Well-known, high-profile deals like Daimler-Benz-Chrysler; Time Warner-AOL; Quaker Oats-Snapple; Sears-Kmart; Google-Motorola; Sprint-Nextel, are extreme examples of deals not meeting expectations.  A number of factors lead to poor M&A results.  These include: simply paying too much; fundamental cultural mismatch; massive infrastructure incompatibilities; significant redundancies; or no product synergy, whatsoever (i.e., the marriage simply wasn’t ever going to generate products customers would consider more valuable).

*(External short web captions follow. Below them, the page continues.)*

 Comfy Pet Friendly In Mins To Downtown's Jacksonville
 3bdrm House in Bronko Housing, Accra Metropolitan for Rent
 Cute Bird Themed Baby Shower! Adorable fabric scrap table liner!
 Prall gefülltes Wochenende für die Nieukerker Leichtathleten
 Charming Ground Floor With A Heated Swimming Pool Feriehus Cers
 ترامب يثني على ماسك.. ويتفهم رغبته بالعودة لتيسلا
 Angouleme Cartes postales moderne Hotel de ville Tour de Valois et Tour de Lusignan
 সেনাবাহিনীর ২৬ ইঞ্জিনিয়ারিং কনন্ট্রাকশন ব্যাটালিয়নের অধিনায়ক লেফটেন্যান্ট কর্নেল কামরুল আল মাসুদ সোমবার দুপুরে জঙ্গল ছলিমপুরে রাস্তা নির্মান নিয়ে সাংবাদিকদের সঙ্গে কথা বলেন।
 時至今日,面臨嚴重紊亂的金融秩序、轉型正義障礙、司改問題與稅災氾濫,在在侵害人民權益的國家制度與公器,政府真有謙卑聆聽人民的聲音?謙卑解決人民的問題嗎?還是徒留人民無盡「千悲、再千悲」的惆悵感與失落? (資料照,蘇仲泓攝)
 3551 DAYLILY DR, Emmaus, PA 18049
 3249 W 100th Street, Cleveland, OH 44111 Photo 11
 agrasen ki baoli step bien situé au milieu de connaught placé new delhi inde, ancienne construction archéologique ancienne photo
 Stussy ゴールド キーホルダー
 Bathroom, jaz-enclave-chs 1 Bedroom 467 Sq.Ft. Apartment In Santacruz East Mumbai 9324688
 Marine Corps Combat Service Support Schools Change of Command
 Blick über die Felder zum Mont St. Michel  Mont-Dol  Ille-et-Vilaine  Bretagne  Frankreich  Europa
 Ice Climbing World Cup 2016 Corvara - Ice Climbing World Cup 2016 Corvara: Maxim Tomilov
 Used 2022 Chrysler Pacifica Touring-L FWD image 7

As someone who has bought companies as a Fortune 500 investment committee member, and as a valuation and investment advisor for M&A clients, I’ve found the team you select to be your investment advisor plays a significant role in the amount of value created in the deal.  I hope my thoughts might help you pick the right investment advisor, and significantly increase the likelihood of you achieving your M&A goals.  I’ve listed characteristics I think exist in all exceptional advisors.   An exceptional investment advisor:

1) Asks “Why?”.

You’ve likely heard of Simon Sinek’s Golden Circle paradigm or Paul Ambruso’s use of the “5 Whys” to discern the root cause of success and failure.  The “5 Why” approach was derived from Taiichi Ohno’s 1960s Toyota Production System methodology.  Its purpose is to identify inefficiencies, waste, inconsistencies in manufacturing.  Most importantly, the technique can help people discover and objectively assess assumptions, biases, facts, priorities of any endeavor – personal or professional.  In our case, buying or selling a business.  The “5 Why” method states that clear insight leads to the best decision, and that insight is likely to come only after you’ve assessed answers to five iterations of “Why?”.  For example, your investment advisor might ask, “Why do you want to buy a business?, Why do you think buying another company will lead to greater innovation?, Why do you think this type of research capability will lead to needed innovation?  And, so on.  Asking “Why” throughout the M&A process leads to clearer understanding of why a certain type of company or investors would be the best match.  An exceptional advisor asks “Why” to constantly validate assumptions, eliminate wasted effort, explore new deal options, and sustain deal focus.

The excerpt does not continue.